How they save the data
Anyone can submit a URL through the SUCHO intake form. The address then is sorted into a workflow that takes it down one of a few branching pathways. The websites are crawled or “scraped” either with specialized software or manually by a volunteer, depending on the nature of the digital resources on the site.
The automatic scraping is moving quickly and getting great results, according to Strong. “We have site archives of as many websites as Browsertrix software is able to crawl. Ilya Kremer, the man who built it, is in the chat with us, and he is releasing new versions as we go,” Strong remarked.
“We try to automate the capturing when we can, but sometimes host mirroring gets in the way or sometimes there are dynamic visual tours that require a person to go through it with a web recorder,” she said.
Illinois SHIELD experience proved invaluable
Strong noted that working on the University of Illinois Urbana-Champaign COVID-19 SHIELD program gave her the confidence that she could help at this level.
The SHIELD effort required an immediate ramp up for collecting and safely storing many types of data during the pandemic. It has been the backbone for managing COVID testing and tracking at the university and across the state of Illinois. Strong was involved with quickly spinning up documentation and advising on documentation best practices for the project.
She indicated that SHIELD moved quickly, and a lightweight process and simple storage was the best way for the entire team to stay connected and make progress. The same is true for SUCHO’s work.

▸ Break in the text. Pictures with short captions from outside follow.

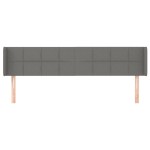 vidaXL Tăblie de pat cu aripioare gri închis 183x16x78/88 cm textil vidaXL Tăblie de pat cu aripioare gri închis 183x16x78/88 cm textil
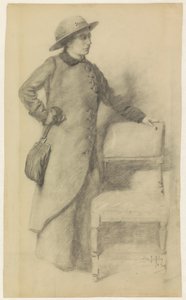 Standing Lady with Hat and Coat by Pieter de Josselin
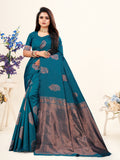 Vedant Vastram Litchi Silk Designer Banarasi Saree - Rama | Grocsy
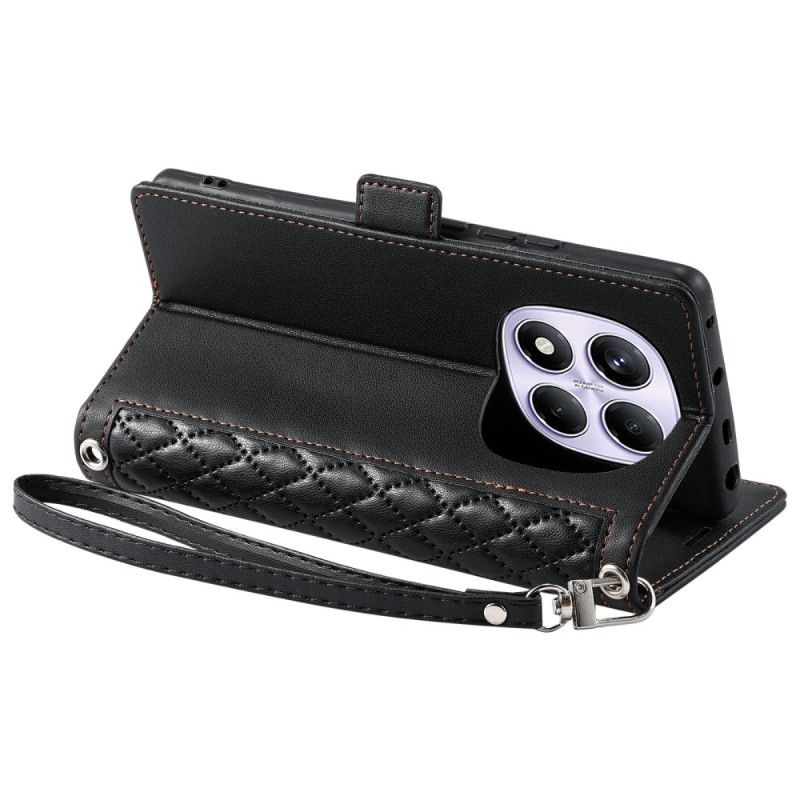 Housse Xiaomi Redmi Note 14 Pro Matelassée avec Lanière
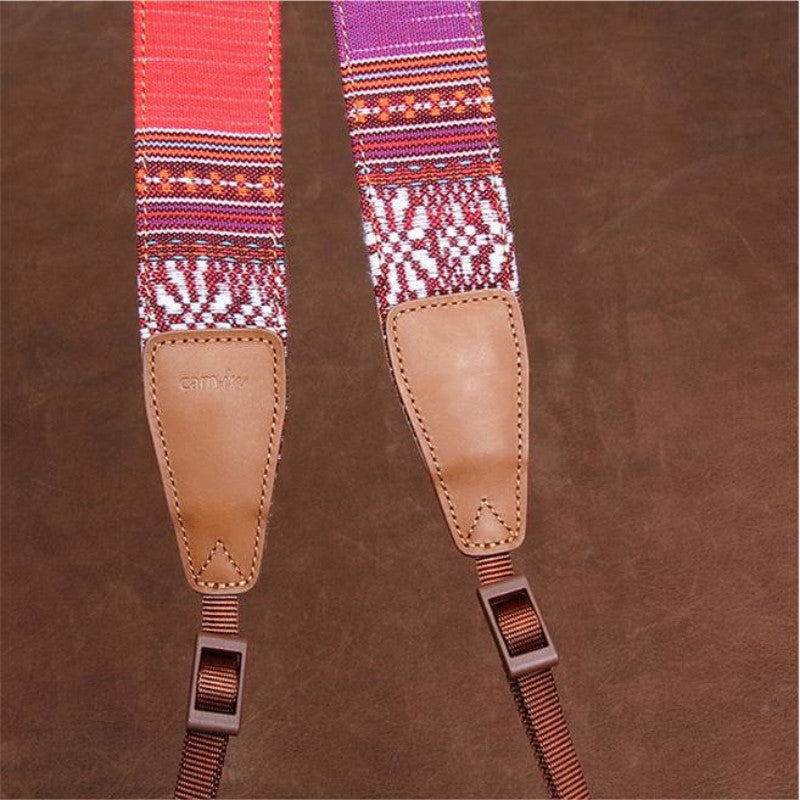 Stripe Colorful Handmade Leather Camera Strap Bohemia Style CS065 - icambag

“SHIELD taught me how to dream that things like [saving Ukraine’s digital data] could be done, at scale, at speed, with an all-volunteer squad who didn’t even know each other.

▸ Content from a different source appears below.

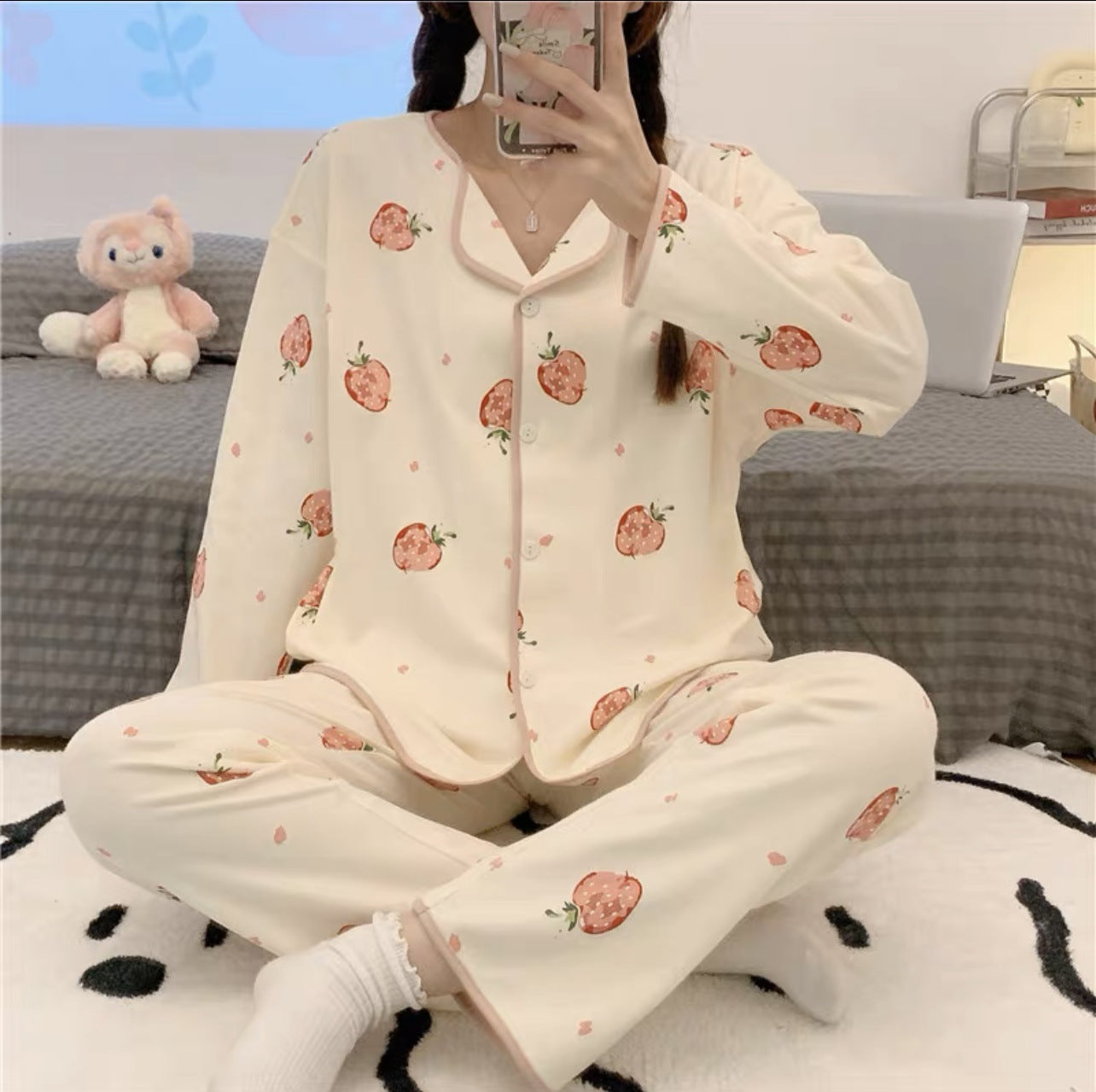 Cute Comfy Long-sleeved Simple Loose Pajamas
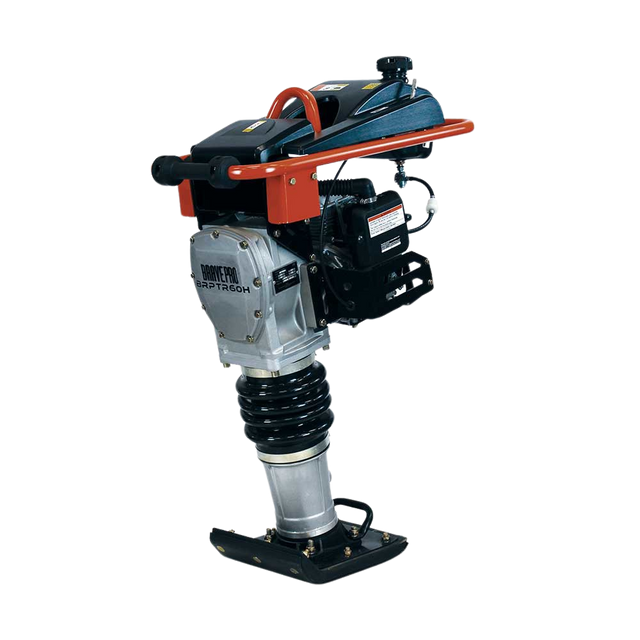 Full angled view of the Brave Tamping Rammer on a checkered background, highlighting its compact build with an orange and black engine and a silver bellow over the shoe.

SHIELD taught me about, ‘Hey, who can do X and Y? OK, you, you, and me, here’s a Google doc and an .ipynb notebook 2, let’s go’.”
Strong is balancing learning on the job with teaching others so that the effort will be even more successful.
“I’ve been learning things one day, and the next day I’m teaching them to volunteers from 20 time zones,” she marveled.
Volunteers aren’t sure if they have found all the sites there are to find. Strong indicated that the more websites they can save in this two-week stretch, the more they can catch their collective breath and process the metadata later.
“Right now, we are racing the bombs,” she said.
“This is what I can do from where I am. We preserve the heritage and the institutional memory because neither librarians nor the Internet forget.”
1 DSpace – A special type of repository used extensively by libraries and archives, but which interact differently than many websites do.
2 .ipynb – A file type used by Jupyter notebooks within Google Collab (and in other places too). Jupyter notebooks allow people to write annotated Python code by alternating text explanations and either individually-runnable or batch-runnable Python code snippets.